Support told me to try the experimental version BIOS 20.01. This did not work either. Getting an RMA in tonight. Bought May 11th, Dead in October. Judging from others I am not the only one.
I would say BEWARE this board until Hardware revisions are nailed down to be safe or not. If your board is this version I would say you are at risk.
I heard a rumour that there might be a component out of spec on some motherboards, but I can’t confirm this yet, maybe never, might be bull$h1t. So far they are replacing my failed ones, however I’m really worried about the ones not failed yet.
We are an MSP specializing in Hyperconverged Infrastructure for production environments, and we’ve encountered significant issues with the ASRock B650D4U boards. We’ve deployed these boards in our systems.

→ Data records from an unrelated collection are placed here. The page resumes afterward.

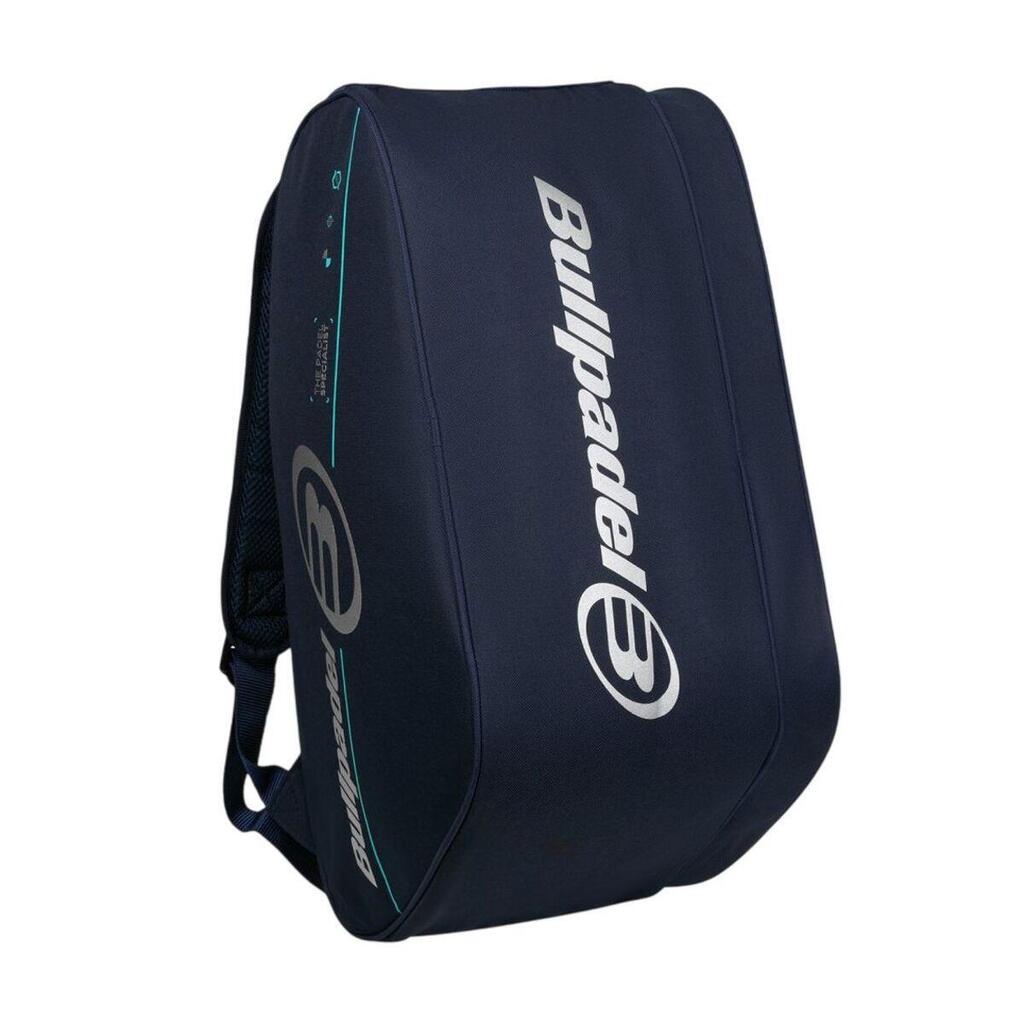 Padel racket Bag Bullpadel Bpp26015 Tour
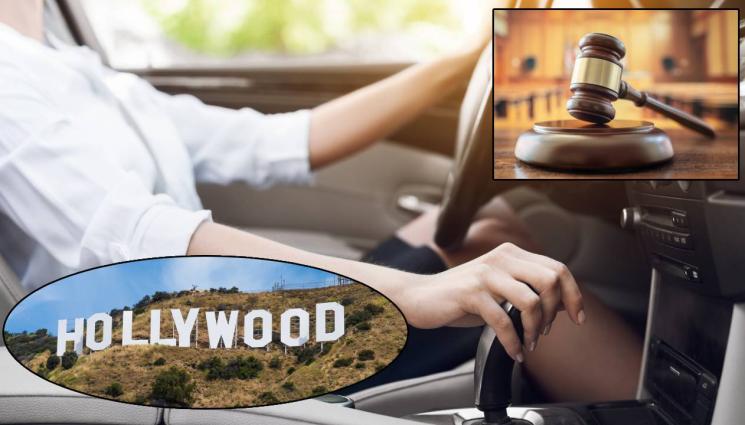 д - НЯМА ПРОШКА: За броени часове литнаха книжките на 2 звезди от холивудски хит!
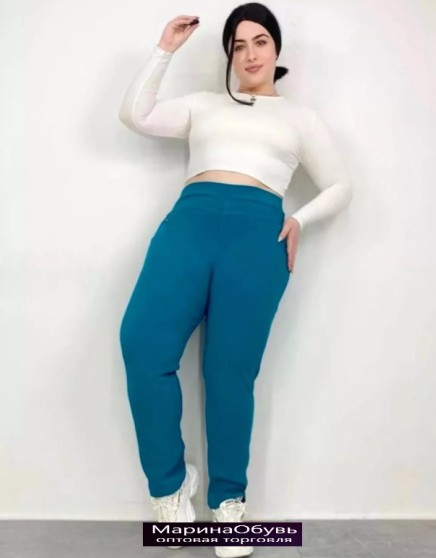 картинка Брюки от магазина Одежда+
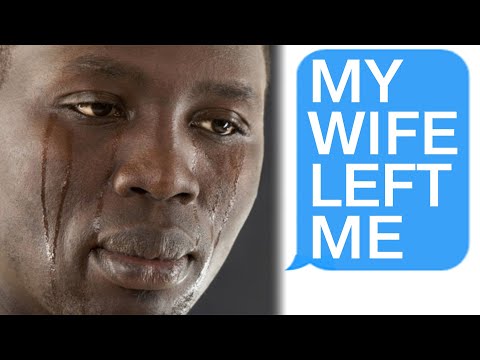 r/Pettyrevenge I Destroyed My Bully's Marriage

Out of 22 units installed, over 25% have failed with the dreaded “Post Code 00” error, leaving us unable to recover or bring systems back online, despite parts showing no faults in the BIOS Management Interface (BMI) logs. These units are all used in critical infrastructure, and with a failure rate like this, our Hyperconverged Highly Available setup has repeatedly failed to provide the reliability we promised to clients.
Given the gravity of this situation and the impact it has on production environments, we’re looking for concrete solutions or at least transparency from ASRock about the root cause. The high failure rate we and others have reported seriously impacts both our client satisfaction and reputation, and the reputation of this hardware in high-availability applications.
We have exactly the same issue but luckily we were late enough to only start deploying those systems in a single HCI production environment.
We now sit on 12 Systems that cant be deployed until this mess is cleaned up.
Of our 14 Systems 4 have failed. 3 while setting them up and one was doa.
We where just starting to use them. I have a lot more projects on the way and i would need way more of those systems but for now everything is on hold.
I’m not even sure if i can rely on those replaced motherboards.
Edit: Just some side note. Those asrock barebones we use tend to also have multiple defect HDD LEDs on their inwin backplanes. That is clearly a soldering error and is hopefully fixed in some months. Pressing on the LEDs makes them light up. Asrock does RMA those backplanes without issues. 3 of the 14 backplanes where affected.